====== Excerpted records ======
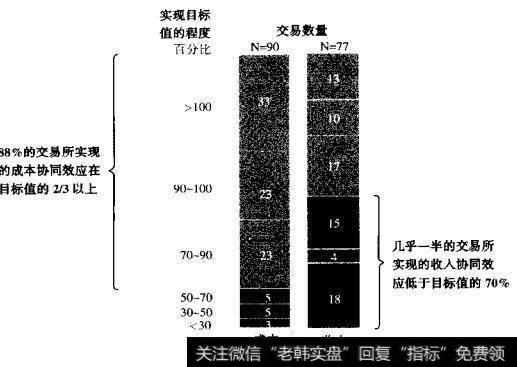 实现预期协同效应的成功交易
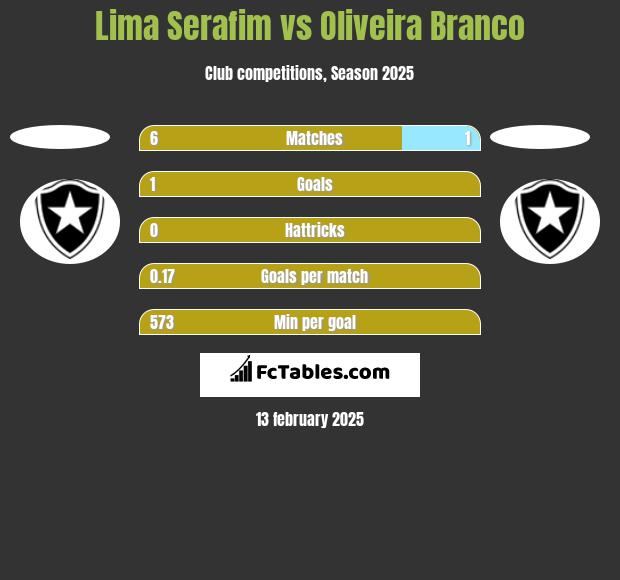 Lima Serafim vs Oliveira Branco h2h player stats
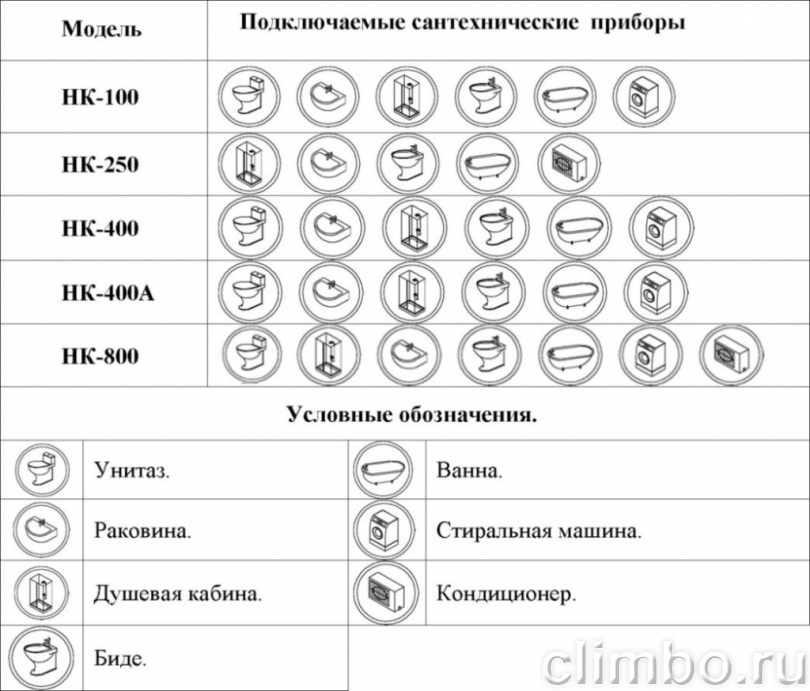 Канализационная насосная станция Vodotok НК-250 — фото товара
======
====== Excerpted records ======
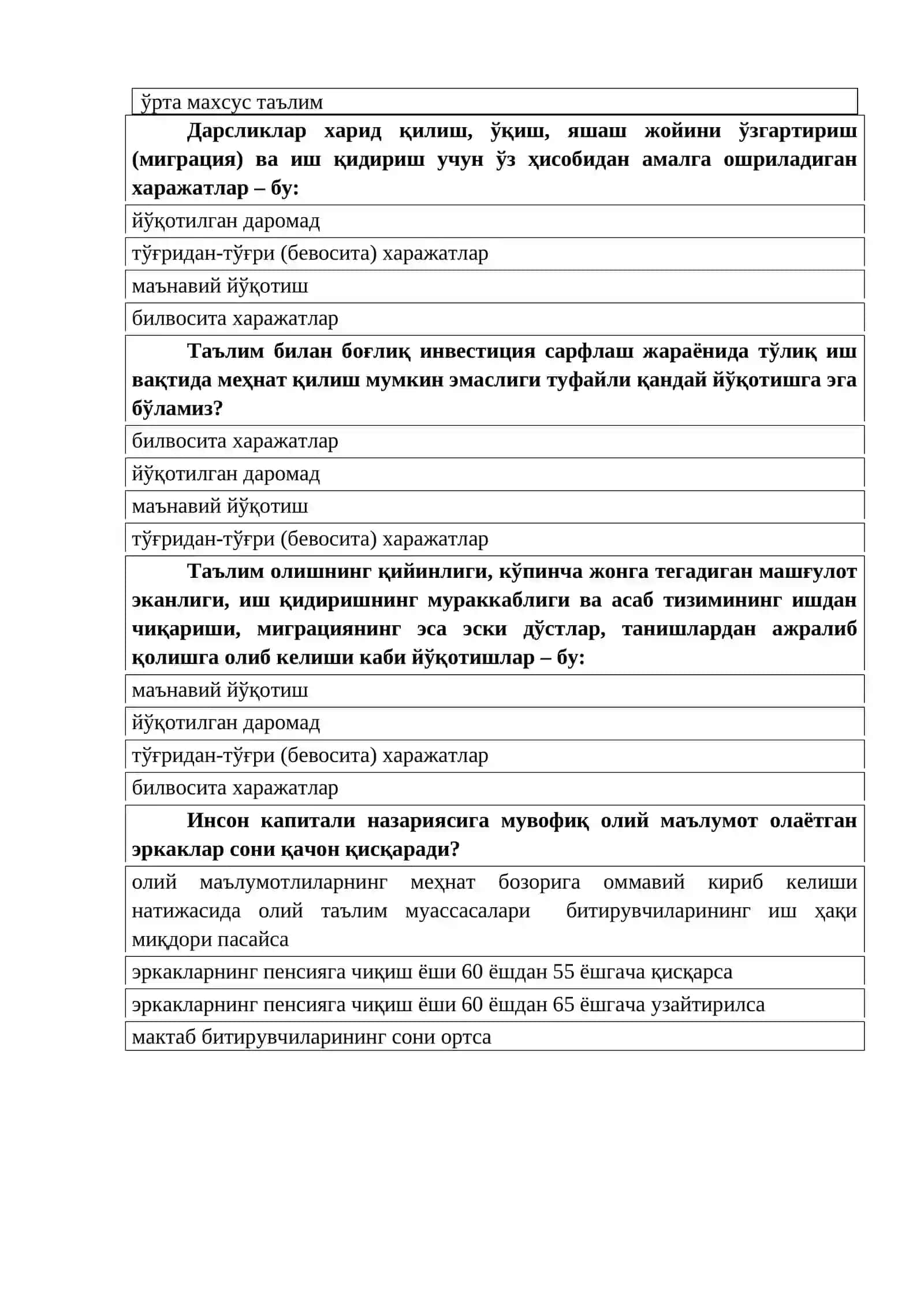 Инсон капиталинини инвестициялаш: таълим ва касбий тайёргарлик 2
======
Using the records above, return word for word the lines that begin at the one containing "实现预期协同效应的成功交易" and end at the one containing "Канализационная насосная станция", both of them included and no pictures.

Response to this task
 实现预期协同效应的成功交易
 Lima Serafim vs Oliveira Branco h2h player stats
 Канализационная насосная станция Vodotok НК-250 — фото товара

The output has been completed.